(Replying out-of-order)
> Sadly, I don’t. I’m only an opinionated hobbyist in this domain, one who has
> coded a lot of string processing over the years and understands at least some
> of the tradeoffs.
Wouldn’t it be amazing to be able to write a high performance lexer with all
the awesomeness of Swift and without String getting in your way? :-)
> ^ String should NOT be an Any!
<snip>
> Bridging is either “always eager” or “possibly lazy”, there is nothing
> usefully in between. Lazy bridging means that every operations down to the
> lowly ascii parsing operations need to check for the slow path. I understand
> that this may not be possible to eliminate on apple platforms, but it would
> be great to not add the existential generalization since that would affect
> other platforms that don’t have the legacy api concern.
<snip>
> Yes, StringRef style algorithms are a big deal, as I mentioned in my previous
> email, but it is also unclear if this will really be a win when shoehorned
> into String. The benefit of StringRef is that it is a completely trivial
> type (both in the SIL sense but also in the implementation sense) and all the
> primitive ops get inlined. Given the “all things to all people” design of
> String, I’m very much afraid that trying to shoehorn this into the String
> currency type will fail to provide significant wins and thus lead to having a
> separate StringRef style type anyway. Providing a StringRef style projection
> type that is trivial (in the Swift sense) that knows in its static type that
> it never owns memory seems like the best path.
>
> By point of comparison, C++ has std::string (yes, sure, with lots of issues)

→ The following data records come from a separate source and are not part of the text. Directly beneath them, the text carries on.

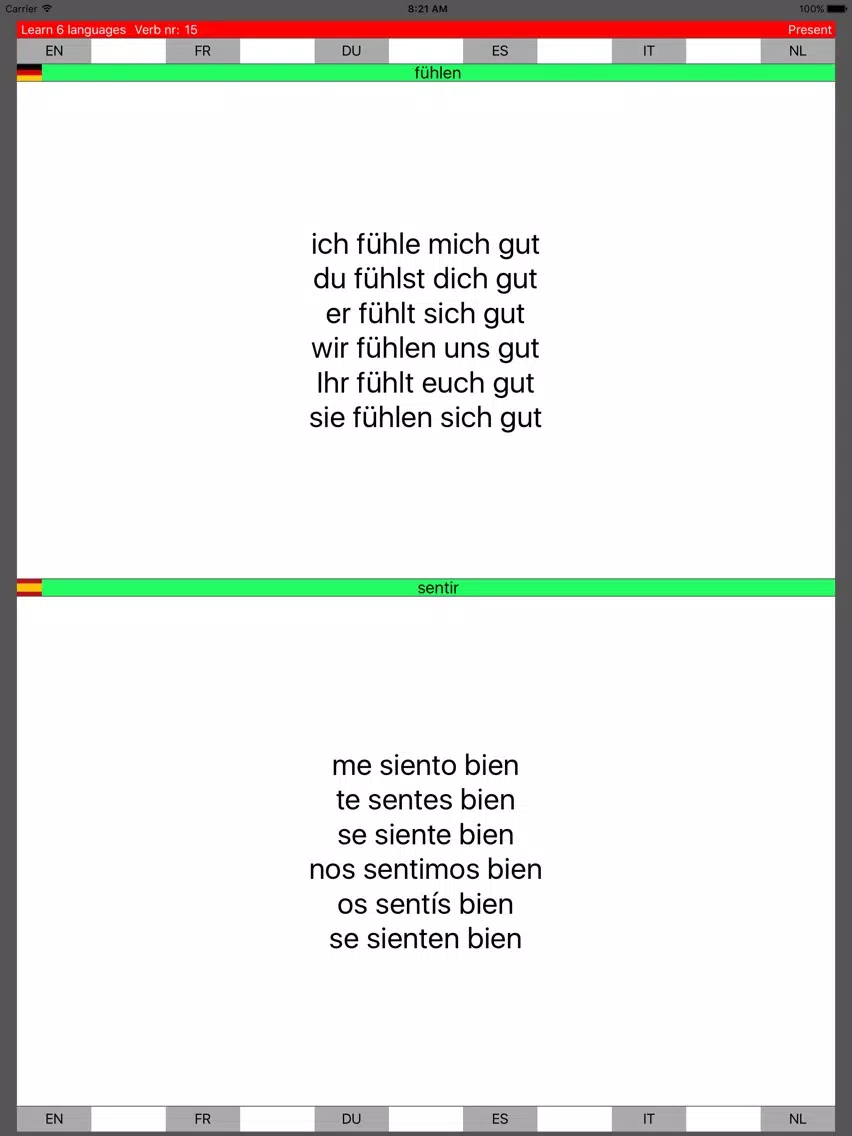 Learn 6 languages simultane using verbs PRO iPad 应用截图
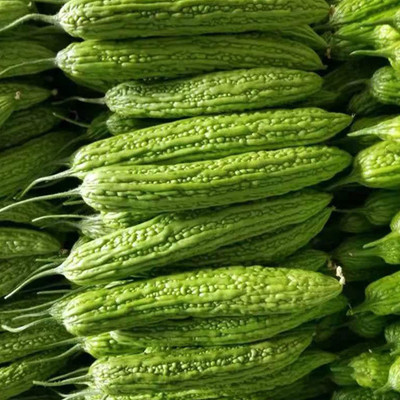 CYBEXIS LX-13 - Bitter Gourd - Green Skin - (900 Seeds) Seed(900 per packet)
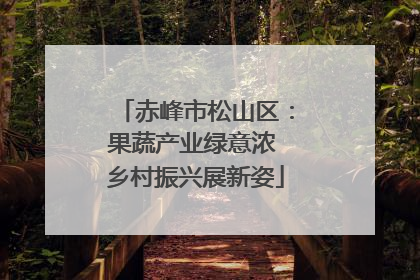 赤峰市松山区：果蔬产业绿意浓 乡村振兴展新姿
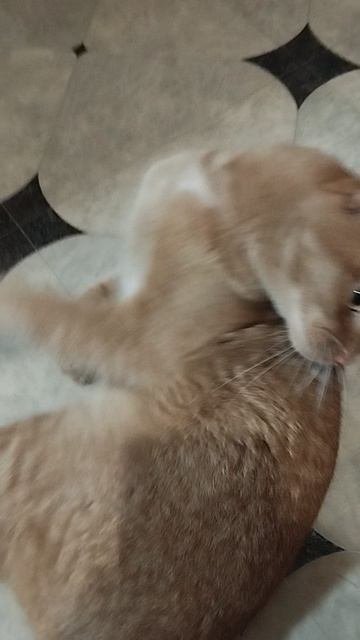 Кот-Лео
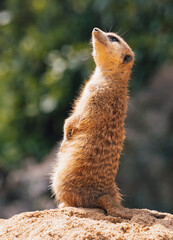 Meerkat (Suricata suricatta)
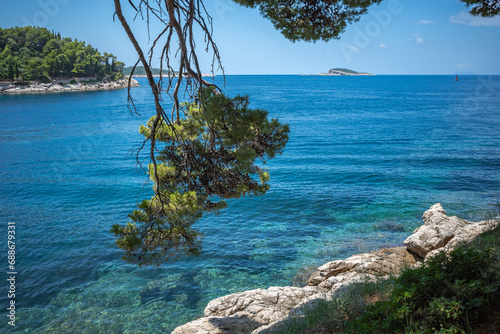 Adriatic sea shore at Cavtat, Croatia. Pine tree bent over blue clear water.
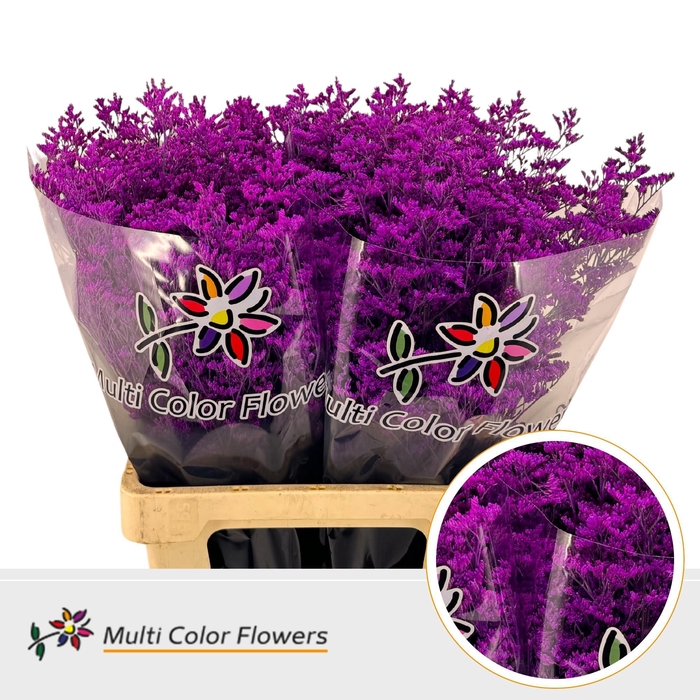 <h4>Limonium Erica</h4>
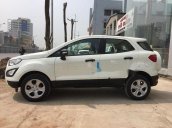 An Đô Ford cần bán Ford EcoSport 2018, màu trắng giá cạnh tranh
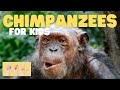 Chimpanzee Behavior and Conservation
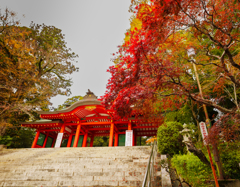 紅葉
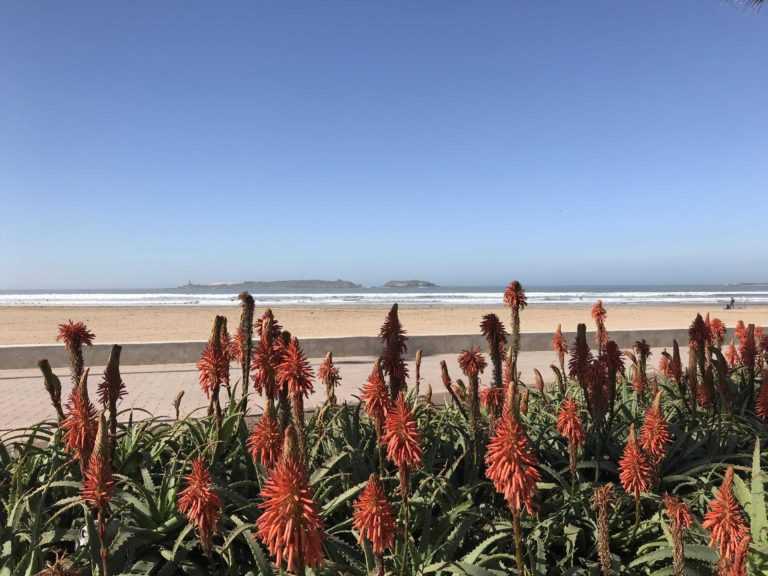 Ventes à Essaouira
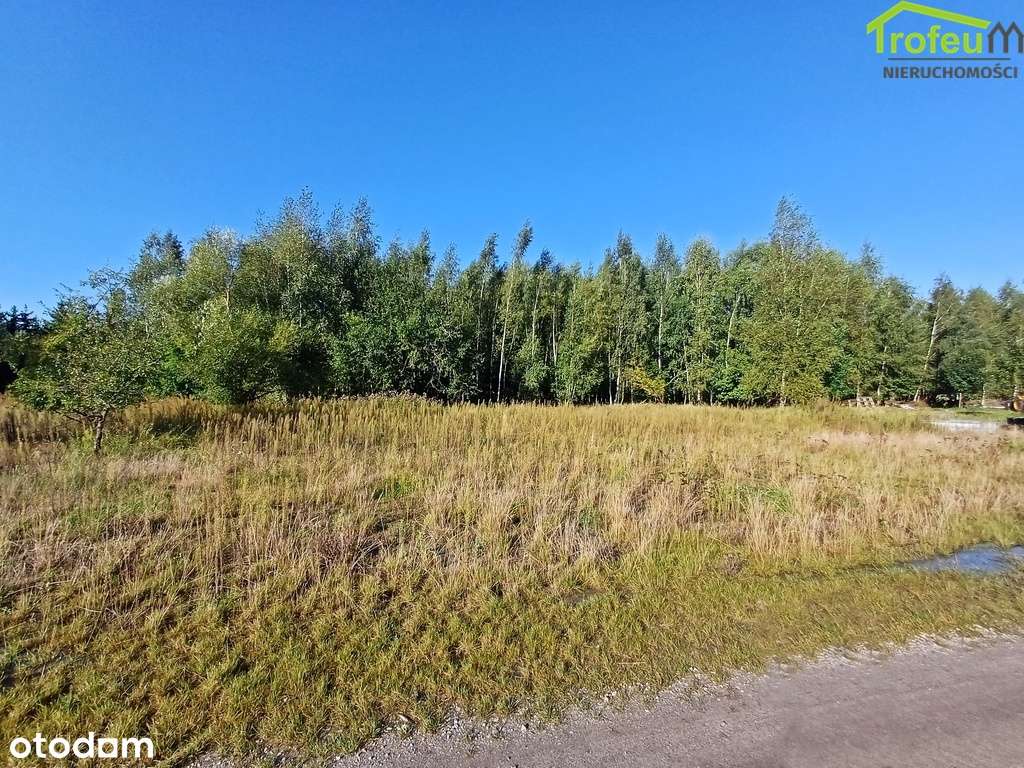 Atrakcyjna działka w Turznicach - Pełny obrazek: 5/5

> but they still introduced StringRef nee std::string_view instead of wedging
> it in.
I left the “UnmangedString” section open for debate on SE, but for the purposes
of talking about ABI design (i.e. what is possible to expose in the future),
let’s just say we’ll eventually have an `UnsafeString<CodeUnit>`, which is a
pointer, length, and packed performance flags that provides both a random
access view of its code units as well as full-Unicode operations.
Please bear with me as I try to reason through what String should be
incorporating the current reality of source compatibility. If you have any
design insight or historical context to fill in, please do so!
In one extreme corner of this multi-dimensional design space we have a
proliferation of string types such as UTF8String, UTF16String, and even
combinations of performance flags such as TrivialUTF8String,
CanonicalSingleScalarGraphemeSmallString, etc. This proliferation encodes all
these would-be-dynamic-branches in the type, which is great for performance.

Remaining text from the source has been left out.